### WHAT YOU WILL DO
Leave the pictures out and reproduce all the entries word for word.

### RECORDS SUPPLIED

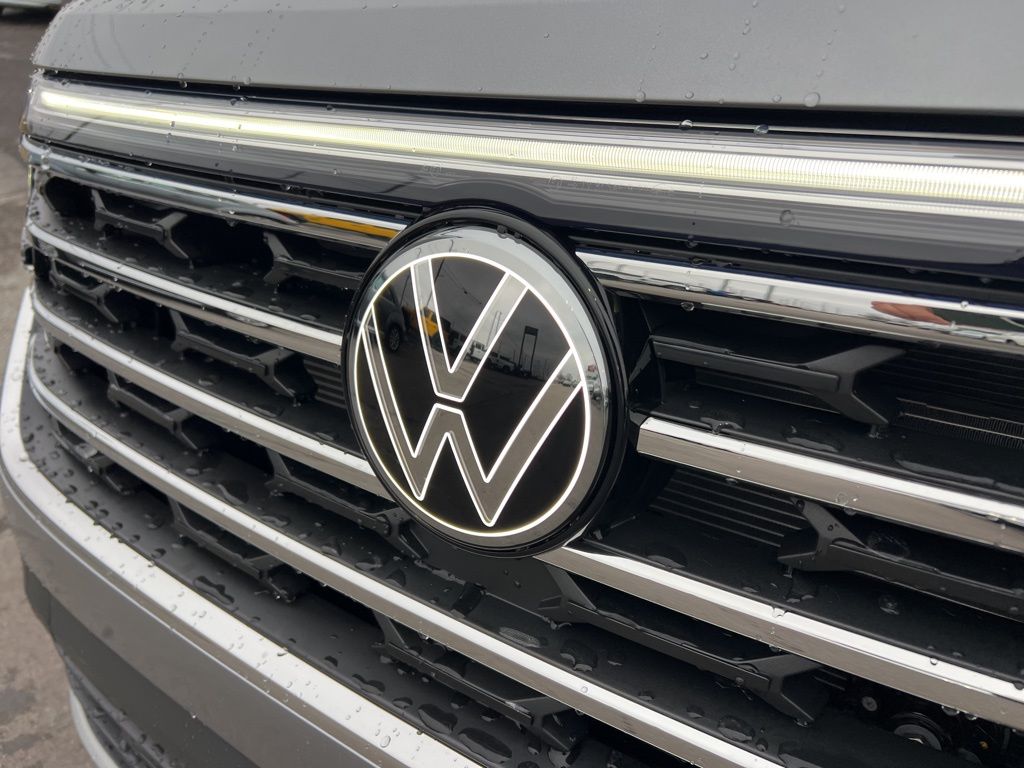 2026 Volkswagen Atlas SE w/Tech - Photo 11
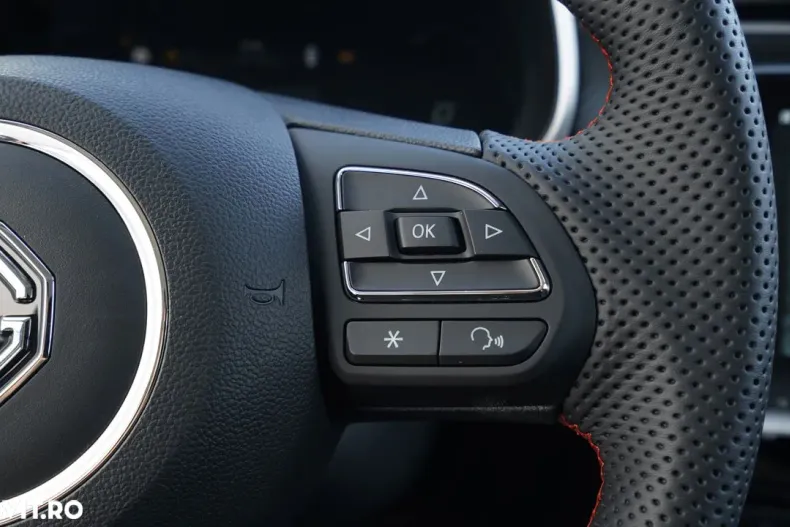 MG ZS EV din 2023 cu 10 km - oferta MG0190359 - foto 10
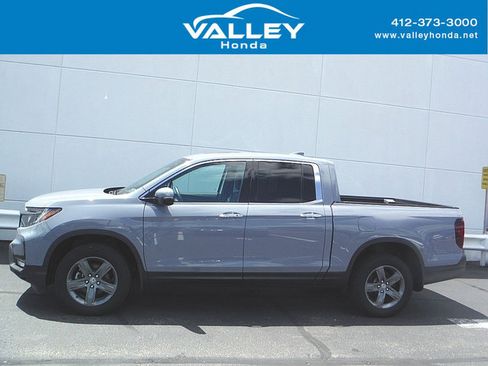 Used 2023 Honda Ridgeline RTL-E image 2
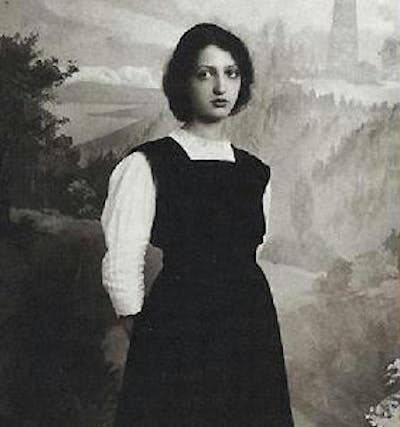 Portrait of a young Clara Haskil. <a href="https://commons.wikimedia.org/wiki/File:Clara_Haskil_fiatalon.jpg" rel="nofollow noopener" target="_blank" data-ylk="slk:Wikimedia Commons;elm:context_link;itc:0;sec:content-canvas" class="link ">Wikimedia Commons</a>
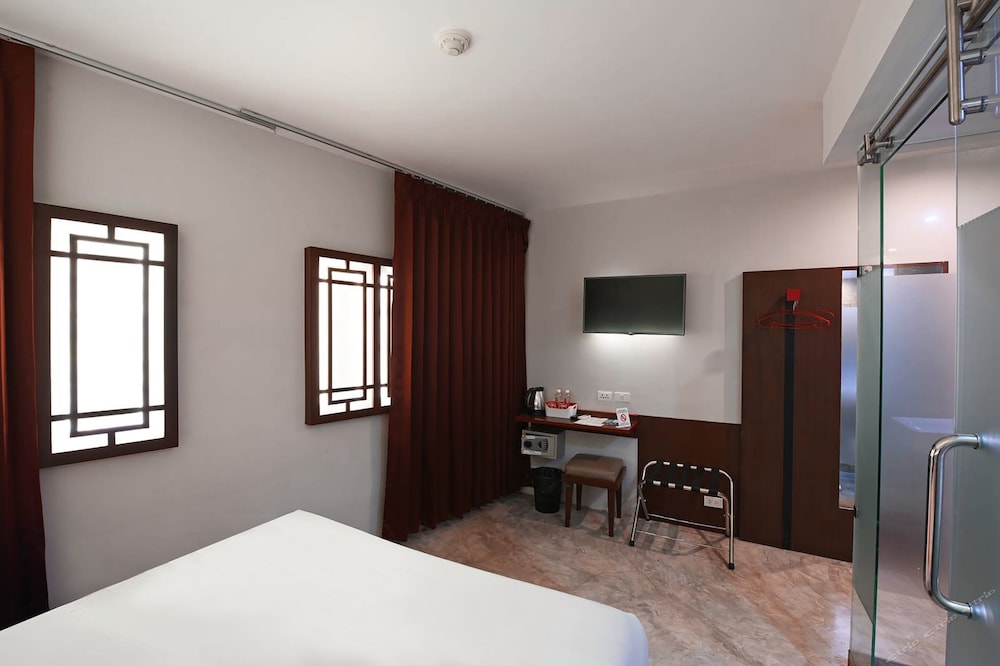 Ruamchitt Plaza Hotel 30/59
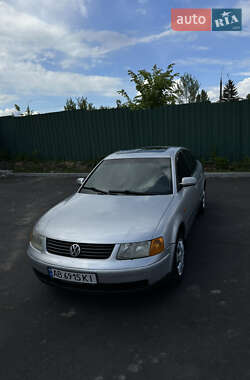 Седан Volkswagen Passat 1997 в Виннице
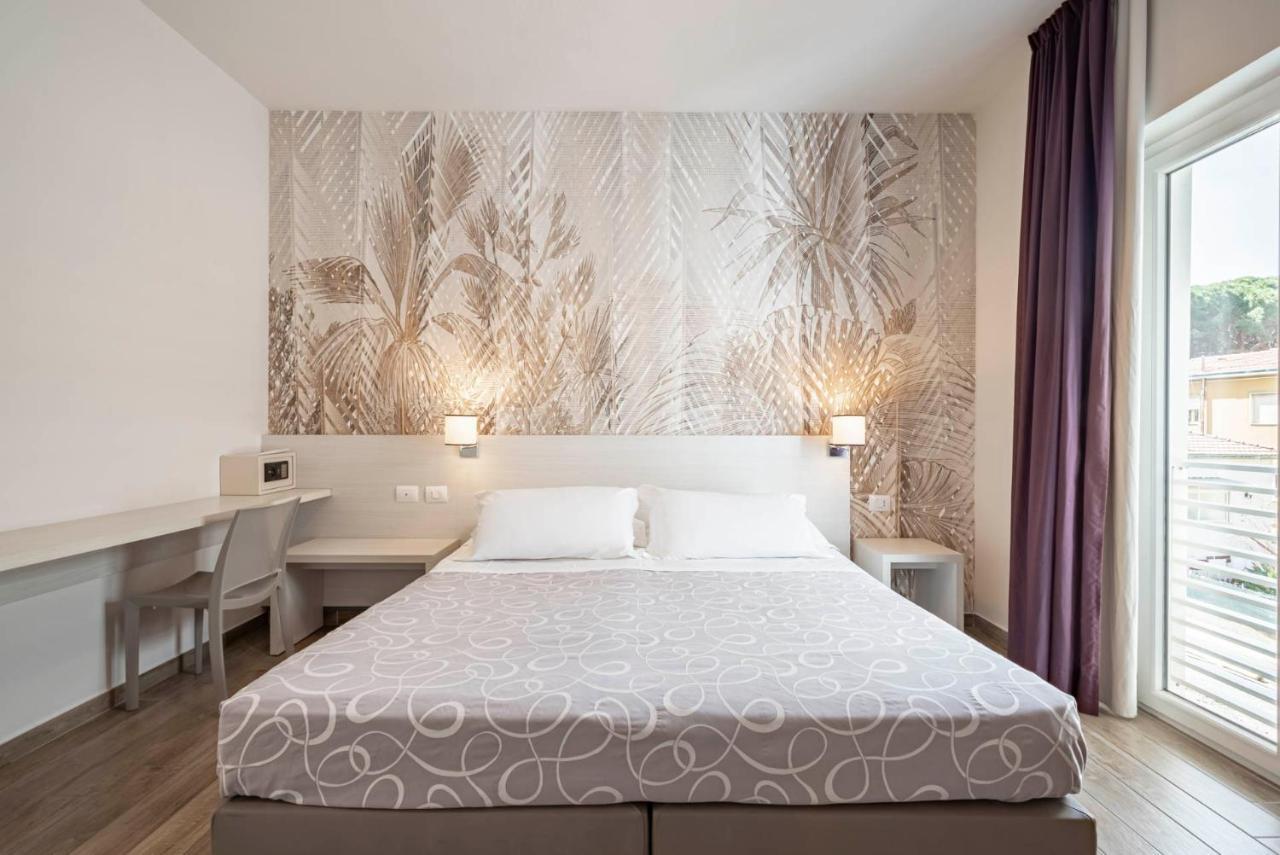 Hotel La Pineta Фоллоника Экстерьер фото
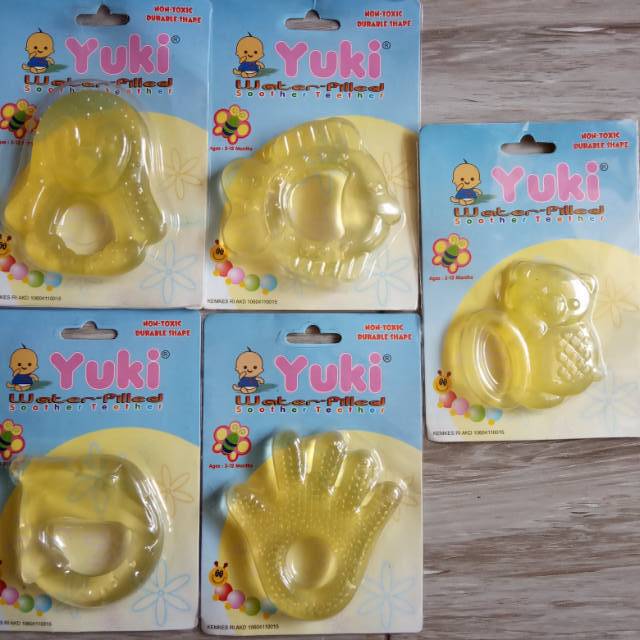 YUKI Water Filled Soother Teether / Mainan Gigitan Bayi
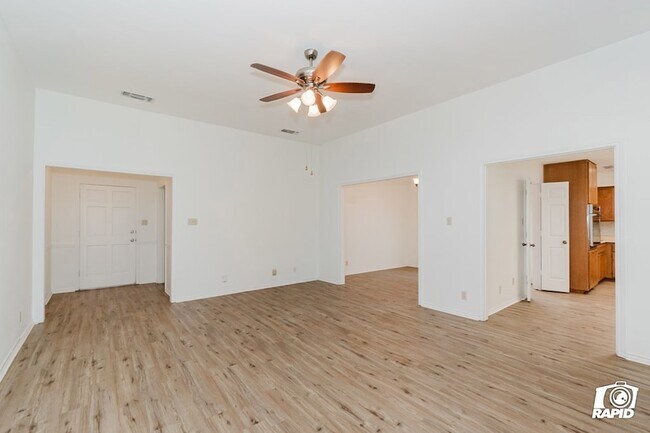 Building Photo - 4911 Sherwood Dr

### REPLY TO THE TASK
 2026 Volkswagen Atlas SE w/Tech - Photo 11
 MG ZS EV din 2023 cu 10 km - oferta MG0190359 - foto 10
 Used 2023 Honda Ridgeline RTL-E image 2
 Portrait of a young Clara Haskil. <a href="https://commons.wikimedia.org/wiki/File:Clara_Haskil_fiatalon.jpg" rel="nofollow noopener" target="_blank" data-ylk="slk:Wikimedia Commons;elm:context_link;itc:0;sec:content-canvas" class="link ">Wikimedia Commons</a>
 Ruamchitt Plaza Hotel 30/59
 Седан Volkswagen Passat 1997 в Виннице
 Hotel La Pineta Фоллоника Экстерьер фото
 YUKI Water Filled Soother Teether / Mainan Gigitan Bayi
 Building Photo - 4911 Sherwood Dr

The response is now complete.